EXTRACTED INFORMATION
▬▬▬
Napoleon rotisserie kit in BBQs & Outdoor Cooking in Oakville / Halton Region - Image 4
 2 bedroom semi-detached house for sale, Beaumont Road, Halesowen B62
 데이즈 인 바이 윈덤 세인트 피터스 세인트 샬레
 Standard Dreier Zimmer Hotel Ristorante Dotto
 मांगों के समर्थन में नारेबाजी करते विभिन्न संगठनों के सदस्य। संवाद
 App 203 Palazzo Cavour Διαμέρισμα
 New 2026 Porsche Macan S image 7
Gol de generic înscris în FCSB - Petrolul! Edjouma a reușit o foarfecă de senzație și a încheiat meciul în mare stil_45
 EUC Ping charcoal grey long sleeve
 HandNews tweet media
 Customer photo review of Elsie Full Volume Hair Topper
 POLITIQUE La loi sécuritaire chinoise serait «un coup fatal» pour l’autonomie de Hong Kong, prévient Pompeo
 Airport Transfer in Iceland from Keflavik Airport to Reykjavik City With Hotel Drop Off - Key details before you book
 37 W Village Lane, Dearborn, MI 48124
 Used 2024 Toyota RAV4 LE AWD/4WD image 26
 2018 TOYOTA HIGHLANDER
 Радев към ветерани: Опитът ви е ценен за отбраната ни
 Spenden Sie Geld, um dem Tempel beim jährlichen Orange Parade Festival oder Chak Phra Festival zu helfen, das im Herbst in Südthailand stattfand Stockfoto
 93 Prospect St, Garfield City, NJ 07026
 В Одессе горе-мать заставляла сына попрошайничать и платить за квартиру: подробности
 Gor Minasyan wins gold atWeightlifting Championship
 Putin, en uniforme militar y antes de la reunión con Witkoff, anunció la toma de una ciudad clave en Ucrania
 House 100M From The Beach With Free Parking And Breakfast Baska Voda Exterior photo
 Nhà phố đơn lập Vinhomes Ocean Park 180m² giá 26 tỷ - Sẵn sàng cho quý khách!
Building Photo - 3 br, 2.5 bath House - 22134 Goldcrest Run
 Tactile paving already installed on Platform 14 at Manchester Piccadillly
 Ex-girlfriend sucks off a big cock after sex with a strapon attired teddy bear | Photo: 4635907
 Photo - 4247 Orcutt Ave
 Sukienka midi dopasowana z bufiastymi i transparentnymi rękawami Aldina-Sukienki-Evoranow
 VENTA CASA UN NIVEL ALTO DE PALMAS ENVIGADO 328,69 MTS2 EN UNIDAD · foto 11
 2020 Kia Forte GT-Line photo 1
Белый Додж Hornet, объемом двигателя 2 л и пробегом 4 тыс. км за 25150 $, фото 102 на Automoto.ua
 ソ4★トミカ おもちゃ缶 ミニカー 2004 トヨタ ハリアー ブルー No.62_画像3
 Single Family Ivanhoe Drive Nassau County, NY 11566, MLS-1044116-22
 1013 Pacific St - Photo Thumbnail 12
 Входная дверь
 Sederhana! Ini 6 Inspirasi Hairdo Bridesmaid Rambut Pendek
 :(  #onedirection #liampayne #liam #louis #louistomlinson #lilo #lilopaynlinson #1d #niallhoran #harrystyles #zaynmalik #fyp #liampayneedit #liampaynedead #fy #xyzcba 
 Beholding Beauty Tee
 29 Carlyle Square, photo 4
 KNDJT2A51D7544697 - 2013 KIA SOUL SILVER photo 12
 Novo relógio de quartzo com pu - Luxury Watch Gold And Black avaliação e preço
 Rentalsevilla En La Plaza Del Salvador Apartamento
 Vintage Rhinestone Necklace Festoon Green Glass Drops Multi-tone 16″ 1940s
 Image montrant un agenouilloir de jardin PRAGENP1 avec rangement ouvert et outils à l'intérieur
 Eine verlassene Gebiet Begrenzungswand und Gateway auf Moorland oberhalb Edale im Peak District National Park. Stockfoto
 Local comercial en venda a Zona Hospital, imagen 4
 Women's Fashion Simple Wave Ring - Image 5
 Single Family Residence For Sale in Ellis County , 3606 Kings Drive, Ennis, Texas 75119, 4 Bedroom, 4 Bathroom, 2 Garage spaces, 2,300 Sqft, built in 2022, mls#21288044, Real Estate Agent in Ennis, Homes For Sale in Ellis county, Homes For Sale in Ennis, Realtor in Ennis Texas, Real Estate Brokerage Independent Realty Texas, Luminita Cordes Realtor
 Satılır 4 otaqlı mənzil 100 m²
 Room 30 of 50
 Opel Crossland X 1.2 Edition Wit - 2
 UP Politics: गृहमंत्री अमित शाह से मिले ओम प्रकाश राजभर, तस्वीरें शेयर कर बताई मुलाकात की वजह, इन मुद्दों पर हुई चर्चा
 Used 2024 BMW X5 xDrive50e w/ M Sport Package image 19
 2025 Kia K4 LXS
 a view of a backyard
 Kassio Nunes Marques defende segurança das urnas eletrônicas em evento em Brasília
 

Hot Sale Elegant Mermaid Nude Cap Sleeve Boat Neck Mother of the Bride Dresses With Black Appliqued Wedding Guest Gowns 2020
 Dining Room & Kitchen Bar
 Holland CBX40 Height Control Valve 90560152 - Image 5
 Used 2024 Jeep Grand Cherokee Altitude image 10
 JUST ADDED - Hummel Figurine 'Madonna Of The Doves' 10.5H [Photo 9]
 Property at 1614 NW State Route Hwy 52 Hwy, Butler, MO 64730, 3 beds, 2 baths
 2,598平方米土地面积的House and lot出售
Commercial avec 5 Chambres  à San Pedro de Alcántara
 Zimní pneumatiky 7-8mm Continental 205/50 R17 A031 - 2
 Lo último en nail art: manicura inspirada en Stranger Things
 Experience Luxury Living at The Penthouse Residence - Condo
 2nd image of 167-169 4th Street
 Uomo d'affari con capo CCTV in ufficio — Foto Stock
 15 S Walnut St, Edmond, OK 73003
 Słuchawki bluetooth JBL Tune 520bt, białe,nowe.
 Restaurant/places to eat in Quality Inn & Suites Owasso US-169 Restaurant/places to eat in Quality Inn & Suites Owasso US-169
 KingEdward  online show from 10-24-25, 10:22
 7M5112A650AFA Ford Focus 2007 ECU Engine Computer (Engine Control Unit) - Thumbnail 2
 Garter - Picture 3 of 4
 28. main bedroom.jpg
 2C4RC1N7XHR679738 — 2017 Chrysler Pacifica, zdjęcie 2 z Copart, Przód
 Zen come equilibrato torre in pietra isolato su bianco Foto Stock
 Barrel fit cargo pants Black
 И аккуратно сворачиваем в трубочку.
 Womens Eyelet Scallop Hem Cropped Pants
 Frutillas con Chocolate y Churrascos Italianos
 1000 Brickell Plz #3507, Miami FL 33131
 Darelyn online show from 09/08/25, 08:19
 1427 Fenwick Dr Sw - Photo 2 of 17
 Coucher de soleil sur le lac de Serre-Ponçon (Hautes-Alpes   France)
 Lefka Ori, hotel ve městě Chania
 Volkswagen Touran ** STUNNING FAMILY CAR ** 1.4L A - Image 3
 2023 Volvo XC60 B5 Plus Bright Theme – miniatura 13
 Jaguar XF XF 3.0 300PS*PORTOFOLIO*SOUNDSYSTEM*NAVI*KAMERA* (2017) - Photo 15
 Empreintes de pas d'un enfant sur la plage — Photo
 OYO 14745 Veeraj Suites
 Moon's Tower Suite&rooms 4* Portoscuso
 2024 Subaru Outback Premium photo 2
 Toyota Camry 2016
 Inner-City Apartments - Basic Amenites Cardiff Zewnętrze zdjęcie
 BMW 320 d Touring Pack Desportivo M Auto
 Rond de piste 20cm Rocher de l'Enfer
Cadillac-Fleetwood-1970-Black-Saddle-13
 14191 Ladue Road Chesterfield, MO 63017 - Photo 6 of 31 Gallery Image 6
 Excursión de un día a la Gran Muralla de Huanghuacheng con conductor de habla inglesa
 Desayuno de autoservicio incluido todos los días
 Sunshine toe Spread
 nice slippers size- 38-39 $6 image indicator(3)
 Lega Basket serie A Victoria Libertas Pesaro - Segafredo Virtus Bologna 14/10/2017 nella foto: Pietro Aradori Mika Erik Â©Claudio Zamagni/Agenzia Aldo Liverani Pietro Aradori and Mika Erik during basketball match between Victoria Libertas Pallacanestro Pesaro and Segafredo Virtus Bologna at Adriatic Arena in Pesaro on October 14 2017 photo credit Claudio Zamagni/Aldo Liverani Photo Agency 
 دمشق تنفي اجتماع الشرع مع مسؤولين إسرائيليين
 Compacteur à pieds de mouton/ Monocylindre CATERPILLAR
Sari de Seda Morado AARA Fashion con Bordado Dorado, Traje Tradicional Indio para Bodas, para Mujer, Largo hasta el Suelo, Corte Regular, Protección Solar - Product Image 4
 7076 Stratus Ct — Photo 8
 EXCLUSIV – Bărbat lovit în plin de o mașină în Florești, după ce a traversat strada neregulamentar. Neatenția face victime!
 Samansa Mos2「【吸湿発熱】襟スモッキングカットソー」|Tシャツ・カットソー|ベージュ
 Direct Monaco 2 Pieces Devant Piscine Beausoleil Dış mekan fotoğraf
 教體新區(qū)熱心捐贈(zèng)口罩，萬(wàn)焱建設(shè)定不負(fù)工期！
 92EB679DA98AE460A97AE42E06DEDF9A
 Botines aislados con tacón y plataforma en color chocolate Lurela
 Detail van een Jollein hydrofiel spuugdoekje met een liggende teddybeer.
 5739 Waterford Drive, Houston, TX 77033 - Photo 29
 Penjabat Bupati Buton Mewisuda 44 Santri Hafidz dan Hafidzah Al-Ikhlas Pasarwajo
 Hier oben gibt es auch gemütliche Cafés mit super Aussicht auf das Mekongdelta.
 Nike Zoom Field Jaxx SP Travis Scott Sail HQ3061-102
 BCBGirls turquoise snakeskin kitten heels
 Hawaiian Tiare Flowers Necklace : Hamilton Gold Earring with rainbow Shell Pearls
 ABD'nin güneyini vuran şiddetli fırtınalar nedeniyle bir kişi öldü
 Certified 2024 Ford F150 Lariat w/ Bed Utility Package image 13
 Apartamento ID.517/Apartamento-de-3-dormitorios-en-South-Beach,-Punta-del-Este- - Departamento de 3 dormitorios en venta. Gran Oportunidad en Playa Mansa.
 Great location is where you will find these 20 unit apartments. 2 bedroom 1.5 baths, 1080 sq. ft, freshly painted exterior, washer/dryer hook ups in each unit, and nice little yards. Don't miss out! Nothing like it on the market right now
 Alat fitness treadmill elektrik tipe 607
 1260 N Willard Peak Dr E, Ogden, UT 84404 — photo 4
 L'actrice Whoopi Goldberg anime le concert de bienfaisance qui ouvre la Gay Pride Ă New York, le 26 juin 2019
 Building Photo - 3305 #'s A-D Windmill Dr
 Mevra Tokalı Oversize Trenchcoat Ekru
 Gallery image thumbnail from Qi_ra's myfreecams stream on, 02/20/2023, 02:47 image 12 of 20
▬▬▬
Extract the lines above, from the first one through the one containing "Standard Dreier Zimmer", and return only those, unchanged.

TASK OUTPUT
Napoleon rotisserie kit in BBQs & Outdoor Cooking in Oakville / Halton Region - Image 4
 2 bedroom semi-detached house for sale, Beaumont Road, Halesowen B62
 데이즈 인 바이 윈덤 세인트 피터스 세인트 샬레
 Standard Dreier Zimmer Hotel Ristorante Dotto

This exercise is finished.